Benoît Hamon est tout de même surpris de la vitesse de l’emballement. Juanico l’admet : «On espérait prendre de la place en janvier. Décembre, c’était un peu trop tôt pour nous. Car, après ça, on devait tenir sur la distance. Mais la bonne chose, c’est qu’on s’est invités chez les Français durant les fêtes de Noël.» Restent les trois débats télé. Le candidat est sous pression. Contrairement à Montebourg et à Valls, il ne connaît pas cet exercice. Il part trois jours sur ses terres, en Bretagne. Les fêtes en famille et des centaines de fiches. Il révise. Le député revient début janvier à Paris. Il est (déjà) fatigué, un peu malade et le stress monte. Le premier débat arrive : ça passe. Le lendemain, on embarque dans le train avec lui pour un meeting à Marseille. Posé dans le wagon-bar, il guette son téléphone.
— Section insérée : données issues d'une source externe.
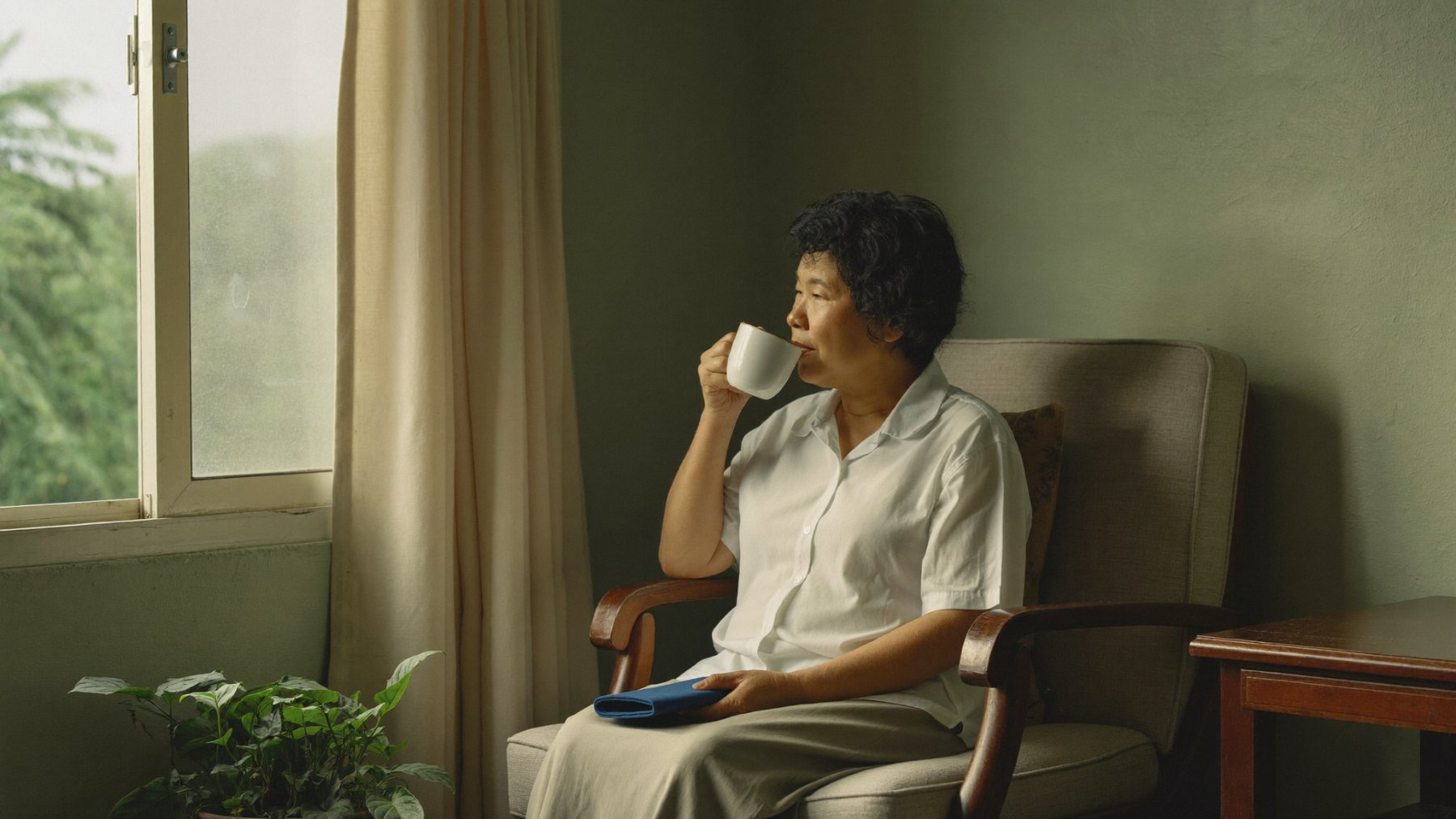 Woman sitting quietly by a window with a warm drink during grief counselling support in Petaling Jaya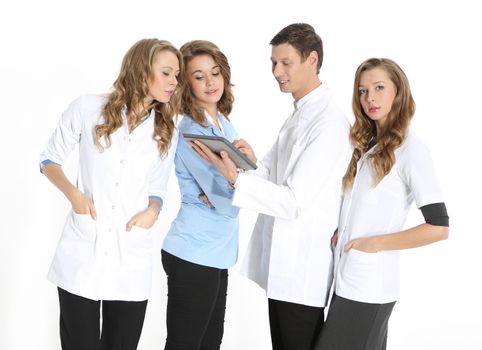 Four young attractive doctors in white, blue aprons on a white background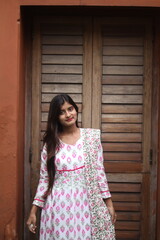 Fototapeta premium Elegant Woman Posing in Front of a Rustic Wooden Shutter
Les retours sont tous positifs. Sauf celui de sa mère. Elle lui demande de «mieux se tenir» derrière le pupitre. Il prend ça pour un compliment.

Les ambitions changent. Désormais, le candidat vise la victoire finale. Il nous prévient : «Je ne suis pas le coup d’un soir.» Benoît Hamon sort plus fort après trois débats. Il remplit des salles pleines de jeunes. Le pari est gagné. Le challenger arrive en tête au premier tour et enfile le costume de grand favori. Entre les deux tours, il reçoit le soutien de Montebourg, d’Aubry. Les proches de son adversaire, Manuel Valls, mettent des coups sous la ceinture. Mais rien n’y fait. Benoît Hamon passe sans encombre le débat face à l’ancien Premier ministre. Son équipe ne s’est même pas inquiétée. Dans les esprits, le match est déjà gagné. Dès vendredi, les proches du candidat organisent «l’après» en coulisse.

Au sein de l’équipe de Hamon, lorsqu’on fait le bilan, un détail revient : son évolution. Son conseiller, Franck Chaumont, dit : «Je connais très bien Benoît. Et ces derniers mois, il m’a étonné. Son niveau a grimpé chaque jour un peu plus.» Reste à savoir jusqu’où. La nouvelle aventure qui débute s’annonce encore plus exigeante.